• [Work request]
Leaving the pictures aside, return all of the data below exactly.

• [Supplied data]
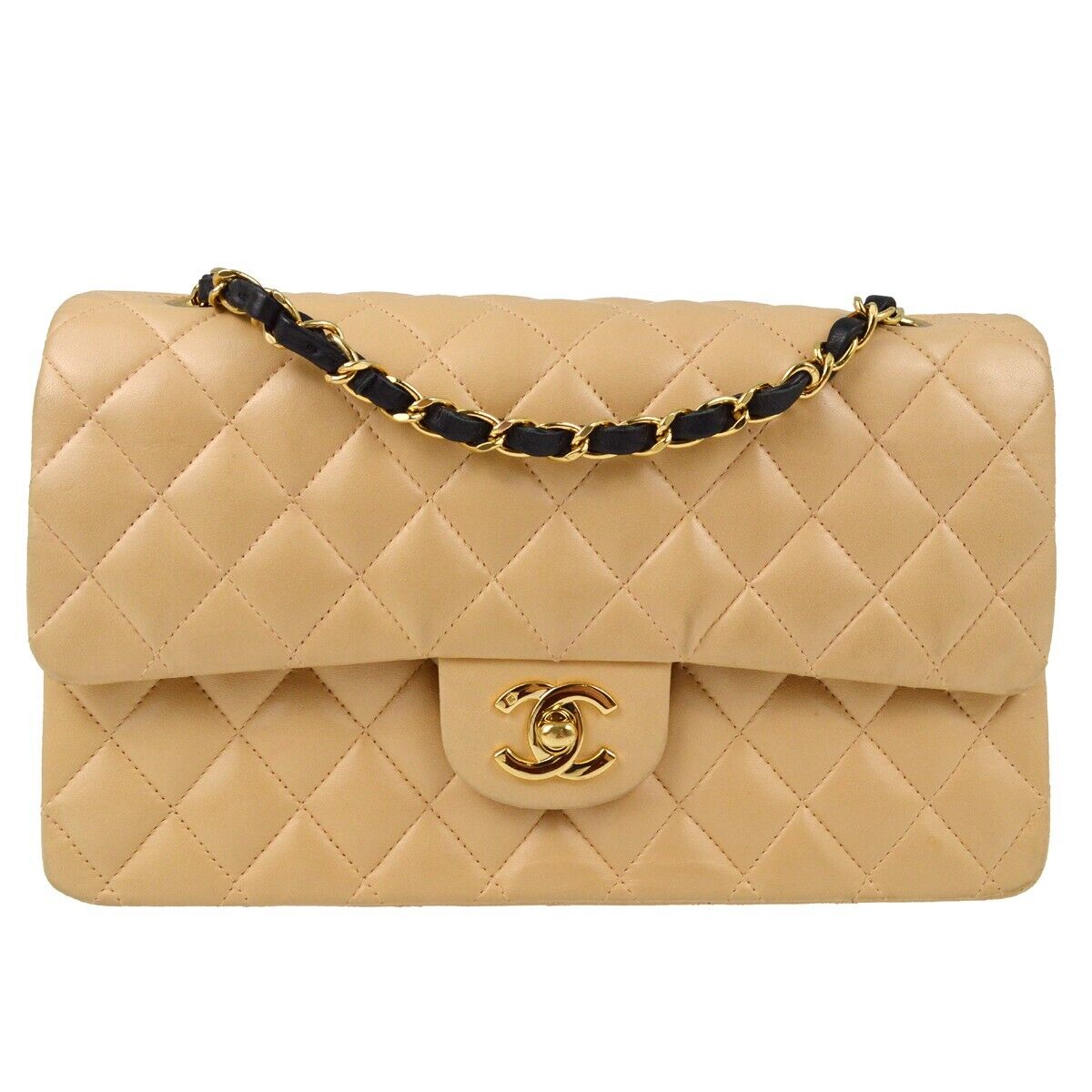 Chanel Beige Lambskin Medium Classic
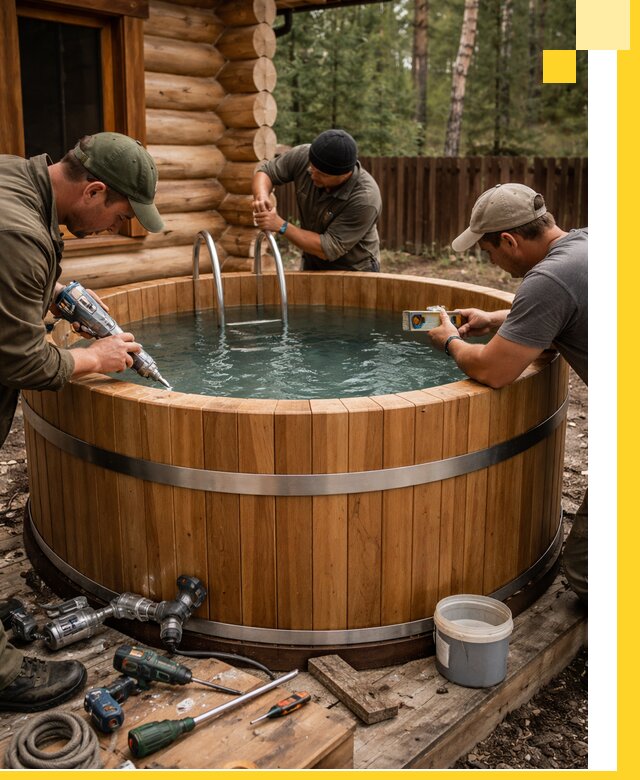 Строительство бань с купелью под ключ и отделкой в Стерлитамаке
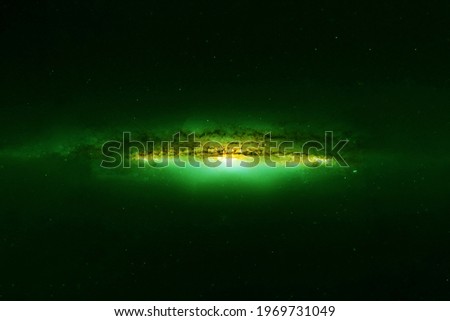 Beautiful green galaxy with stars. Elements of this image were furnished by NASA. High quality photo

• [Result]
 Chanel Beige Lambskin Medium Classic
 Строительство бань с купелью под ключ и отделкой в Стерлитамаке
 Beautiful green galaxy with stars. Elements of this image were furnished by NASA. High quality photo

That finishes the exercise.